Même silence du côté de la Laurentienne, interrogée sur un éventuel rétablissement du programme : « L’Université a récemment lancé son nouveau plan stratégique et, parmi les éléments de celui-ci, nous précisons notre approche aux programmes francophones. » 

Le 20 mars dernier, Journée internationale de la Francophonie, Natalie Poulin-Lehoux, la nouvelle Vice-rectrice associée, Affaires francophones avait écrit à ONFR que « l’Université est intéressée à explorer les programmes qui pourraient être offerts plutôt que de simplement restaurer ce qui existait auparavant ».

De son côté, l’École de médecine du nord de l’Ontario (EMNO), qui aurait témoigné un intérêt pour dispenser le programme, selon Mme Gélinas, n’a pas répondu à nos questions.

« Voir l’UL commencer à réembaucher et reconstruire avant d’avoir réglé leurs obligations envers nous, après la manière cavalière dont ils nous ont licenciés, ça ne me semble pas correct »
— Joel Belliveau

Enfin, le Ministère des Collèges et Universités (MCU), qui avait déclaré vouloir trouver un établissement pour récupérer les cours juste après les coupes, n’a toujours pas agi en ce sens. Contacté par courriel à de multiples reprises, celui-ci n’a pas donné suite à nos sollicitations.

Les professeurs toujours pas indemnisés

Aucun changement non plus au niveau des quelques cent professeurs et professeures licenciés qui attendent toujours un dédommagement de l’établissement, qui annonçait avoir retrouvé sa santé financière avec un excédent prévu de 8,2 millions de dollars pour l’exercice 2023-2024.

En raison de la LACC et n’étant pas considérés comme étant de catégorie 1 (prioritaire), les professeurs ne pourront recevoir qu’entre 14 % et 24 % des indemnités prévues dans leur convention collective, en fonction de l’ancienneté. Archives ONFR

« J’avoue que, trois ans plus tard, ça me frustre », confie Joël Belliveau, ex-professeur agrégé au Département d’histoire. Il continue : « Personnellement, c’est la seule chose qui m’empêche de tourner la page pour de bon. »

Le 23 janvier dernier, l’établissement annonçait l’embauche de 10 nouveaux professeurs permanents, dont deux contribuant aux programmes en langue française de droit et justice et de sciences infirmières. Par ailleurs, depuis 2023, l’Université Laurentienne a procédé à la création de deux nouveaux programmes prévus pour cet automne, soit la maîtrise en administration de la santé et la maîtrise interdisciplinaire en études relationnelles.

« Voir l’UL commencer à réembaucher et reconstruire avant d’avoir réglé leurs obligations envers nous, après la manière cavalière dont ils nous ont licenciés, ça ne me semble pas correct », regrette celui qui travaille comme pigiste ou consultant en histoire, dans la région d’Ottawa.
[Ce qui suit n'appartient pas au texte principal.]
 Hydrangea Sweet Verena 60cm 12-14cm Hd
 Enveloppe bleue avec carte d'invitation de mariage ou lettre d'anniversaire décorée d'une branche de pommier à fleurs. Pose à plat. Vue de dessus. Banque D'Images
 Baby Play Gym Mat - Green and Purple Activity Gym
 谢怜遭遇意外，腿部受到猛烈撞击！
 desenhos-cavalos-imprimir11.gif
En juin 2023, l’Université Laurentienne a conclu une entente dans le cadre d’une feuille de modalités pour la vente de biens immobiliers. Respectant cette feuille de modalités non contraignante, l’Université étudie la vente de ces biens et négocie une entente d’achat et de vente avec la province de l’Ontario qui sera établie d’ici le 28 novembre 2025, au plus tard. L’indemnisation des créanciers doit être parachevée d’ici cette même date, précise l’Université Laurentienne.
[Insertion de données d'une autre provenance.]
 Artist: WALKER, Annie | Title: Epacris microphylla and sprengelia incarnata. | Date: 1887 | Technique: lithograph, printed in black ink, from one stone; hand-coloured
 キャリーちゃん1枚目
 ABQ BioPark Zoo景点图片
La proposition de revente concernerait plus de 27 hectares soit 9 % des 300 hectares occupés par l’Université. Archives ONFR

Un comité, représentant environ 17 des plus de 100 membres du corps professoral qui ont été congédiés, a indiqué à ONFR avoir l’intention de continuer à demander des excuses formelles, une enquête publique sur le recourt de l’établissement à la Loi sur les arrangements des créanciers des compagnies (LACC) et un remboursement immédiat des sommes dues aux employés.

D’autres professeurs licenciés ont néanmoins tiré leur épingle du jeu dans le Nord comme Serge Miville, recteur de l’Université de Sudbury et Aurélie Lacassagne qui deviendra la rectrice de l’Université de Hearst en mai prochain.

Il reste aujourd’hui 34 programmes offerts en français de premier et deuxième cycle et quelque 2300 étudiants francophones représentant près de 20 % de la population étudiante à l’Université Laurentienne.